GLUE tasks translated
The GLUE-PT, a PTPT version of the GLUE benchmark, was used. Four tasks from GLUE were automatically translated using DeepL Translate. The evaluation results are as follows:
Model | RTE (Accuracy) | WNLI (Accuracy) | MRPC (F1) | STS-B (Pearson) |
---|---|---|---|---|
Albertina 900m PTPT | 0.8339 | 0.4225 | 0.9171 | 0.8801 |
Albertina 100m PTPT | 0.6787 | 0.4507 | 0.8829 | 0.8581 |
Citation
When using or citing this model, please cite the following publication:
@misc{albertina-pt-fostering,
title={Fostering the Ecosystem of Open Neural Encoders
for Portuguese with Albertina PT-* family},
author={Rodrigo Santos and João Rodrigues and Luís Gomes
and João Silva and António Branco
and Henrique Lopes Cardoso and Tomás Freitas Osório
and Bernardo Leite},
year={2024},
eprint={2403.01897},
archivePrefix={arXiv},
primaryClass={cs.CL}
}
Acknowledgments
The research reported here was partially supported by several entities:
- PORTULAN CLARIN—Research Infrastructure for the Science and Technology of Language, funded by Lisboa 2020, Alentejo 2020, and FCT—Fundação para a Ciência e Tecnologia under the grant PINFRA/22117/2016.

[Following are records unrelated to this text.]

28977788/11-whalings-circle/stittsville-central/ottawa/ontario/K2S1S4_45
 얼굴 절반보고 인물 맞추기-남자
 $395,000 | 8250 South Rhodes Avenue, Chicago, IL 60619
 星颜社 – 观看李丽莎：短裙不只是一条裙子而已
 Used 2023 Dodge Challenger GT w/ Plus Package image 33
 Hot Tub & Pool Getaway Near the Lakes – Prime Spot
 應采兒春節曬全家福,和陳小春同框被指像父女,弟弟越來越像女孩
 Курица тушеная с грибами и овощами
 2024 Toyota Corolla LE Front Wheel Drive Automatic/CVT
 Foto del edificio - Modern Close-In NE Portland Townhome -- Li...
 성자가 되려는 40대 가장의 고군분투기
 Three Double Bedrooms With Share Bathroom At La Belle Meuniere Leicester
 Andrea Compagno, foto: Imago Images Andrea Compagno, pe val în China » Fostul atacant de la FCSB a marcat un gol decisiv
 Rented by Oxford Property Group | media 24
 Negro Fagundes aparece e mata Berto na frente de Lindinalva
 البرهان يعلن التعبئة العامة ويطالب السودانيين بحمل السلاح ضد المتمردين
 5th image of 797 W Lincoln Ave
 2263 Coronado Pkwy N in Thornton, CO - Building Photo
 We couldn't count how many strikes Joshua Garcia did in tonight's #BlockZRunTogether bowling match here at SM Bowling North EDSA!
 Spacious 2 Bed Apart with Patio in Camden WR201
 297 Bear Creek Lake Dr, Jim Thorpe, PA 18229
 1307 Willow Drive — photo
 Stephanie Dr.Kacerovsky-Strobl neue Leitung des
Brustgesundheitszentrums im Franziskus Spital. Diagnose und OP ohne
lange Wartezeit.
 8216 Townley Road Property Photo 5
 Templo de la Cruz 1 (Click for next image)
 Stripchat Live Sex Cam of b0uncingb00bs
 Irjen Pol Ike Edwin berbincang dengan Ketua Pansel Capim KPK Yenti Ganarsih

- Research project ALBERTINA - Foundation Encoder Model for Portuguese and AI, funded by FCT—Fundação para a Ciência e Tecnologia under the grant CPCA-IAC/AV/478394/2022.
- Innovation project ACCELERAT.AI - Multilingual Intelligent Contact Centers, funded by IAPMEI, I.P. - Agência para a Competitividade e Inovação under the grant C625734525-00462629, of Plano de Recuperação e Resiliência, call RE-C05-i01.01 – Agendas/Alianças Mobilizadoras para a Reindustrialização.
- LIACC - Laboratory for AI and Computer Science, funded by FCT—Fundação para a Ciência e Tecnologia under the grant FCT/UID/CEC/0027/2020.
🔧 Technical Details
- Model Architecture: Based on the Transformer architecture and the DeBERTa model, serving as an encoder in the BERT family.
- Parameters: 100M parameters, 12 layers, and a hidden size of 768.
- Training Configuration: Trained with a batch size of 3072 samples (192 samples per GPU), a learning rate of 1e-5 with linear decay and 10k warm-up steps, for 200 epochs (approximately 180k steps).
- Hardware: Trained on a2-megagpu-16gb Google Cloud A2 VMs with 16 GPUs, 96 vCPUs, and 1.360 GB of RAM for one day.
📄 License
This model is distributed under the MIT license.